A Munganga Promoção Cultural

A MUNGANGA PROMOÇÃO CULTURAL: O Brejo é Isso!

sábado, 28 de setembro de 2019

OTACÍLIO ANSELMO E SILVA - 110 ANOS


Muitas dúvidas pairavam acerca da naturalidade de Otacílio. Alguns o davam, por certo, brejo-santense; outros, cratense; ouvimos, por fim, que se tratava de jatiense, o que nos foi confirmado em documento deixado pelo próprio autor, no seu discurso de posse no Instituto Cultural do Cariri:

“Com efeito, nasci e dei meus primeiros passos no antigo povoado de Macapá, hoje cidade de Jati, quando aquela pequena povoação, banhada pelo riacho dos Porcos e vizinha de Pernambuco, era parte integrante do Município de Jardim.”

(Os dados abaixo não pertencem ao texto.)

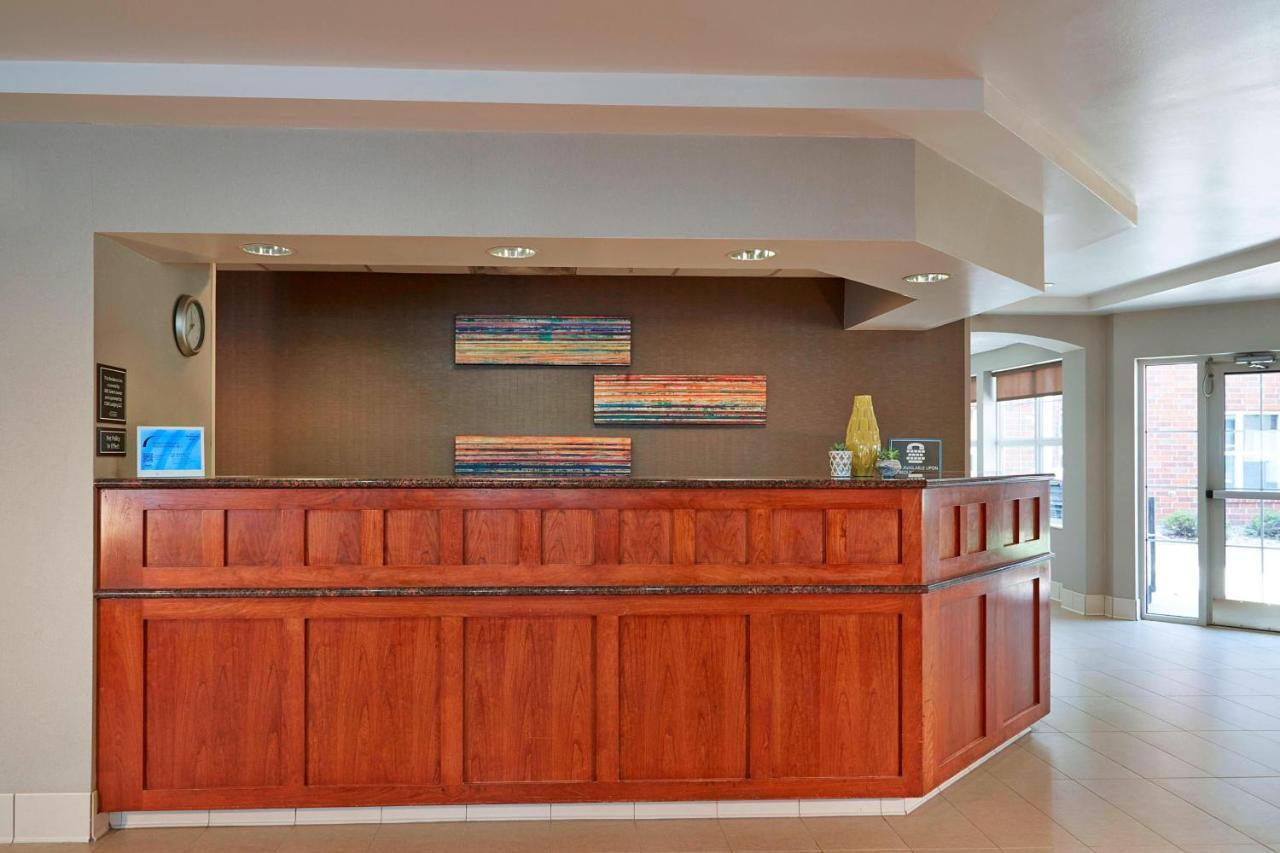Residence Inn Minneapolis St. Paul/Roseville Eksteriør bilde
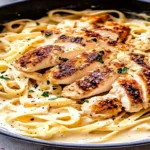 Chicken Alfredo Recipe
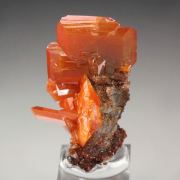 WULFENITE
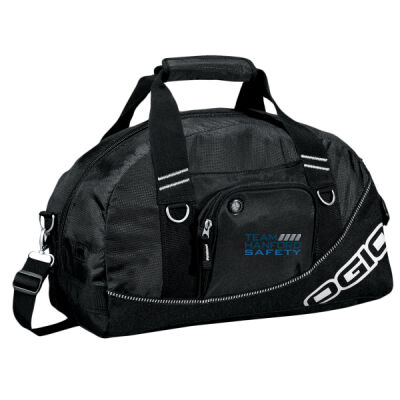 Team Hanford Safety Printed - Half Dome Duffel Thumbnail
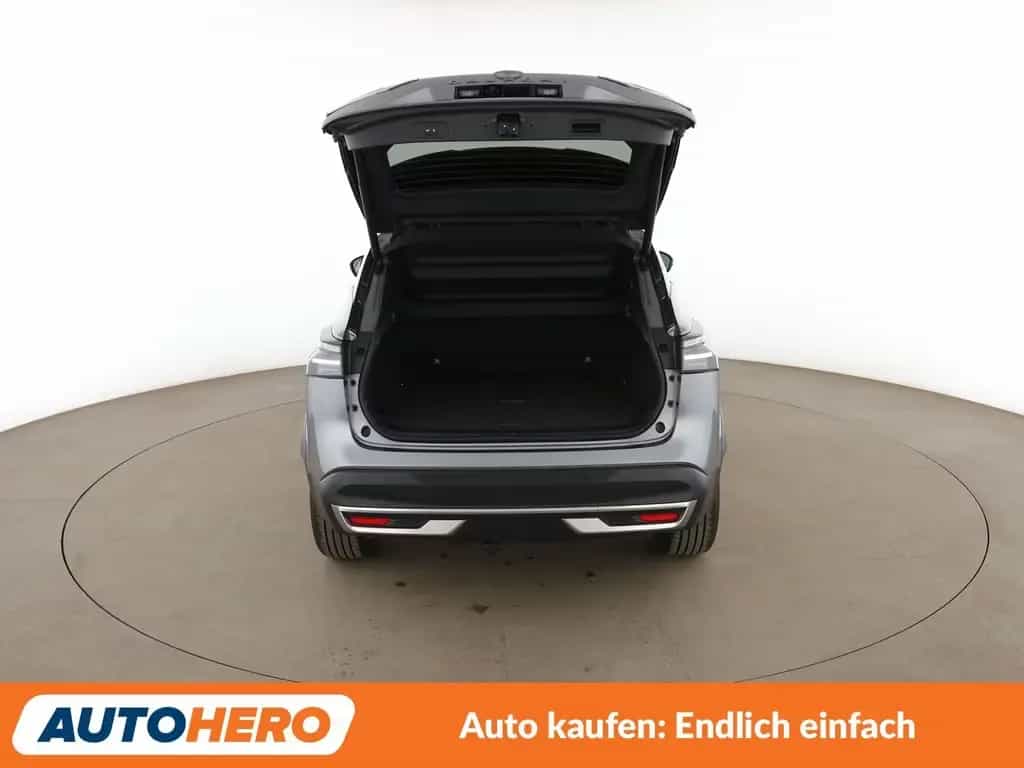 Nissan Qashqai 1.3 DIG-T Mild-Hybrid N-Connecta Aut*NAV 12/2024-photo-16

Era o dia 09 de Dezembro de 1909. Cresceu e realizou seus primeiros estudos em Brejo Santo, onde o pai era um afamado boticário. A farmácia de João Anselmo e Silva era, com efeito, o reduto da intelectualidade daquela época, local onde o cidadão se mantinha informado do que acontecia no Cariri e no mundo. 

Contemporâneo de importantes acontecimentos históricos, Otacílio Anselmo foi um cronista do seu tempo e das memórias deixadas na infância de um menino sertanejo, do sul do Cariri.

Seguiu carreira militar, destacando-se na música, integrando a Banda de Música do 23º Batalhão de Caçadores, em Fortaleza. Ali,  foi colega de Luiz Gonzaga -  o Rei do Baião. Em 1935, fundou, na capital, o tradicional bloco carnavalesco Prova de Fogo.

De volta ao Cariri, como capitão reformado do Exército Brasileiro, ocupou a cadeira de n. 7 do Instituto Cultural do Cariri, onde passou a se dedicar ao estudo da História da região, contribuindo incansavelmente em publicações da Revista Itaytera. Nesta, em 1956, escreveu o Esboço Histórico do Município de Brejo Santo. Nele, remonta desde a ocupação dos índios Cariris; a chegada do homem branco, perpassando pelo cangaceirismo da era imperial até a ascensão do coronelismo, no início do século XX, configurando-se em um importante registro da história, não só do município, mas de toda a região. É, sem dúvida, o registro de maior relevância, até hoje, para a cidade. Todas as obras vindouras necessariamente passaram, e hão de passar, pelas anotações deixadas por Otacílio.

Narrando sua própria experiência, o autor escreveu, em 1957, a obra O Ceará e a Revolução de 30.

Sua obra mais importante, publicada em 1968, Padre Cícero: Mito e Realidade, demorou oito anos para ser concluída e é leitura obrigatória sobre a polêmica do famoso milagre envolvendo o líder religioso, além de como se deram determinadas relações políticas no Cariri daquele tempo. 
Otacílio discursa no lançamento da biografia Padre Cícero: Mito e Realidade (1968)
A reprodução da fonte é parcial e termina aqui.